- _Activity_:
Take the records below from their first line through the line holding "AMBIENCE MOD280PL-L23B3K Maytoni", and set each of those lines down exactly, without pictures.

- _Excerpted data_:
◆ ◆ ◆

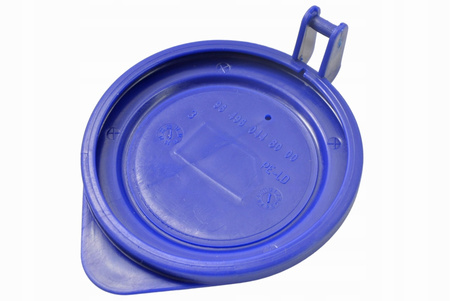 KOREK ZBIORNICZKA SPRYSKIWACZY CITROEN C5 OE 643237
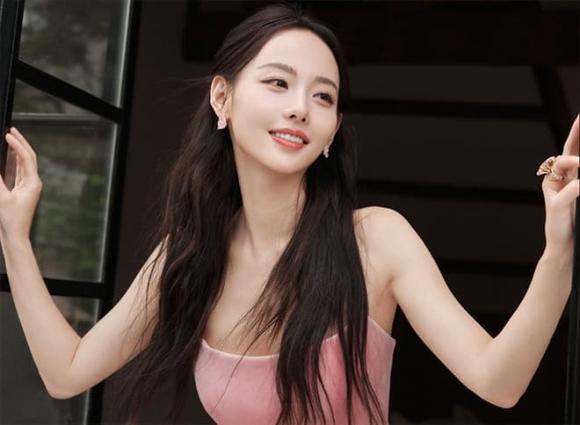 Nhìn thì ngây thơ nhưng sống cực tỉnh: Top cung hoàng đạo "già đời" nhất vũ trụ - Ảnh 1.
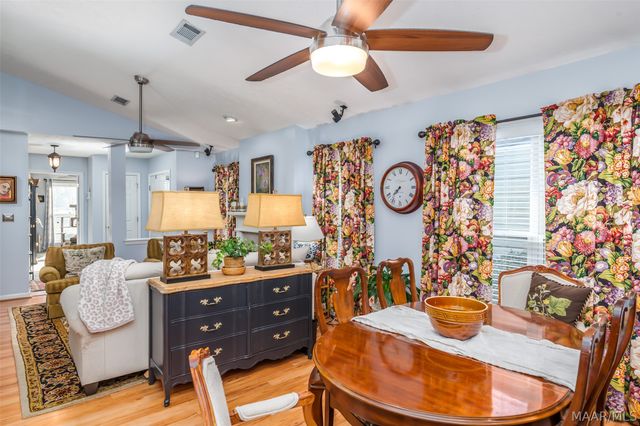 1918 Young Pointe Boulevard, Montgomery, AL 36106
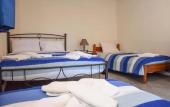 Туры в отель Camping Chania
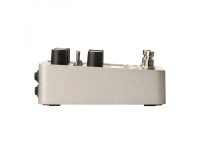 universal-audio-uafx-knuckles_6744a0a485ba2.jpg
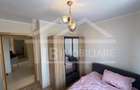 Apartament cu 3 camere, 70 mp, decomandat, Zona UMFST - 2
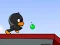 City Jumper เกมออนไลน์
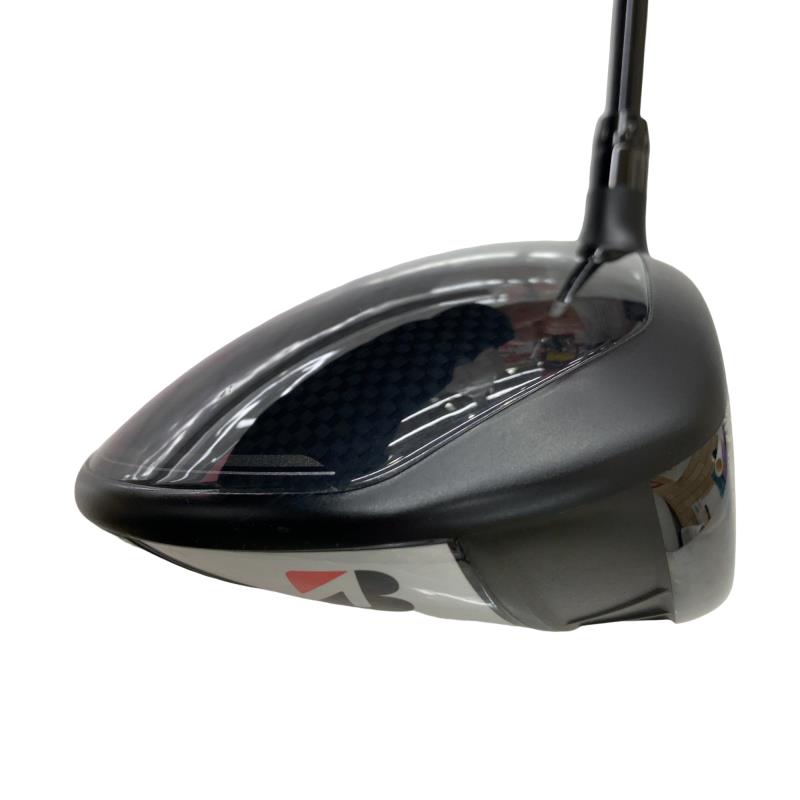 �a�q�h�c�f�d�r�s�n�m�d�@�a�Q�@�g�s�@�@�X�D�T°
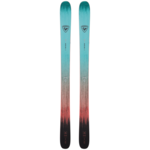 Rossignol Sender Free 110
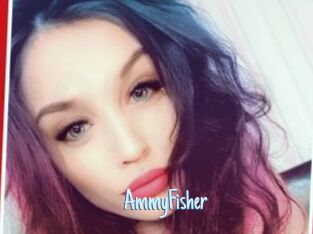AmmyFisher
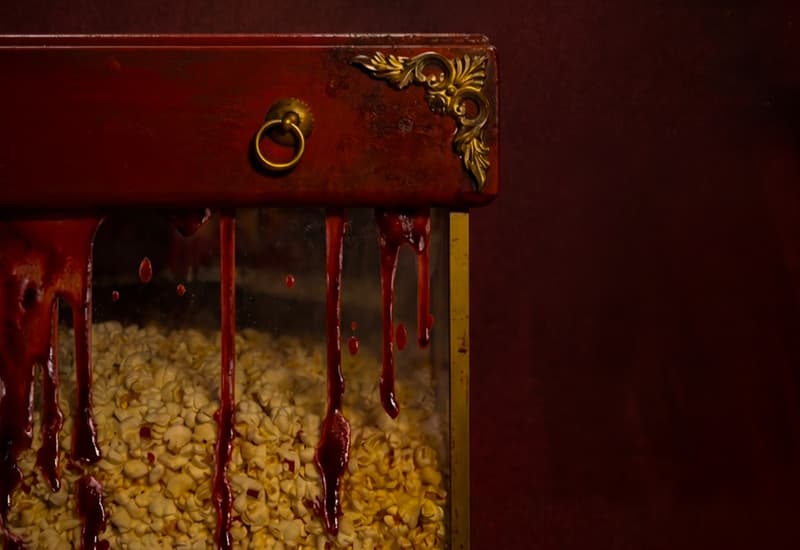 the-game-le-cinema-popcorn-guichet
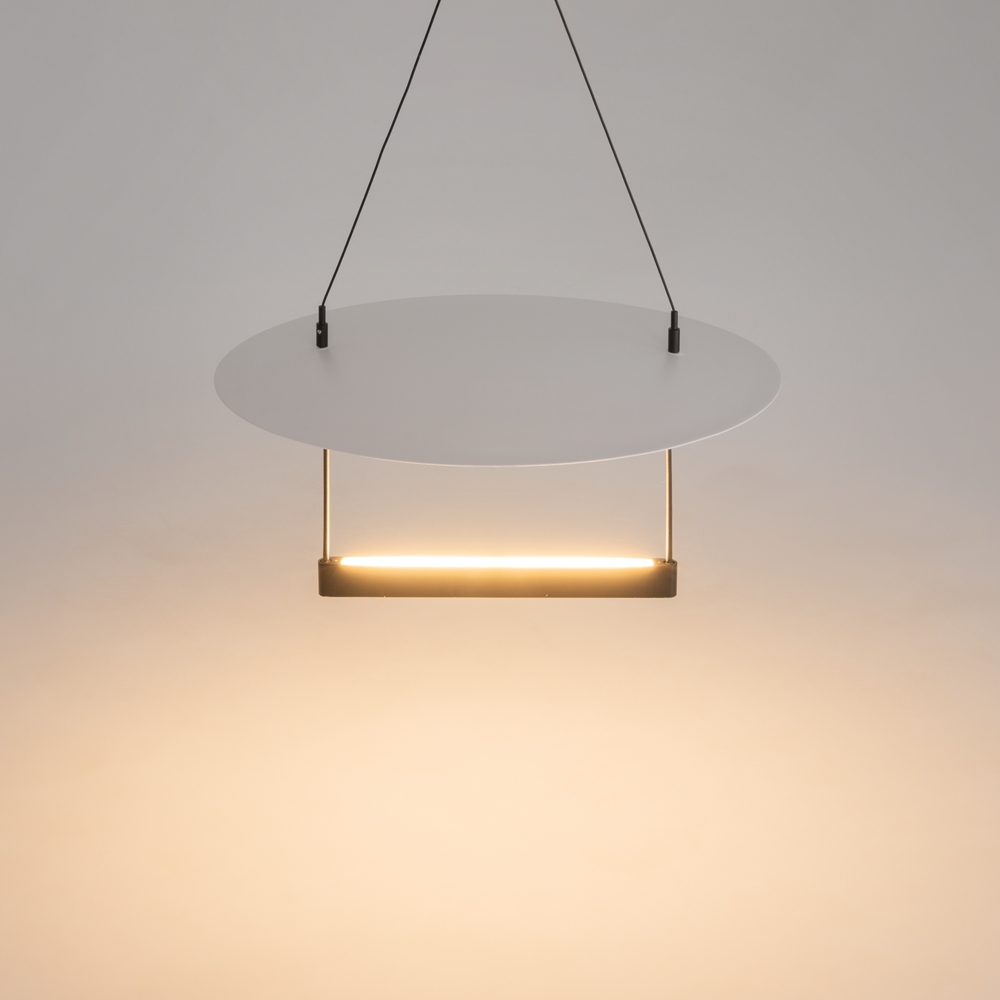 AMBIENCE MOD280PL-L23B3K Maytoni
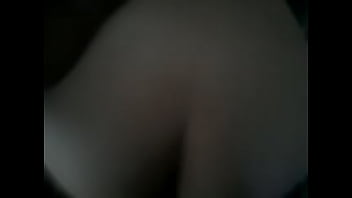 Preview 3 of Milk Sex Com - my gf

◆ ◆ ◆

- _Reply to the exercise_:
 KOREK ZBIORNICZKA SPRYSKIWACZY CITROEN C5 OE 643237
 Nhìn thì ngây thơ nhưng sống cực tỉnh: Top cung hoàng đạo "già đời" nhất vũ trụ - Ảnh 1.
 1918 Young Pointe Boulevard, Montgomery, AL 36106
 Туры в отель Camping Chania
 universal-audio-uafx-knuckles_6744a0a485ba2.jpg
 Apartament cu 3 camere, 70 mp, decomandat, Zona UMFST - 2
 City Jumper เกมออนไลน์
 �a�q�h�c�f�d�r�s�n�m�d�@�a�Q�@�g�s�@�@�X�D�T°
 Rossignol Sender Free 110
AmmyFisher
 the-game-le-cinema-popcorn-guichet
 AMBIENCE MOD280PL-L23B3K Maytoni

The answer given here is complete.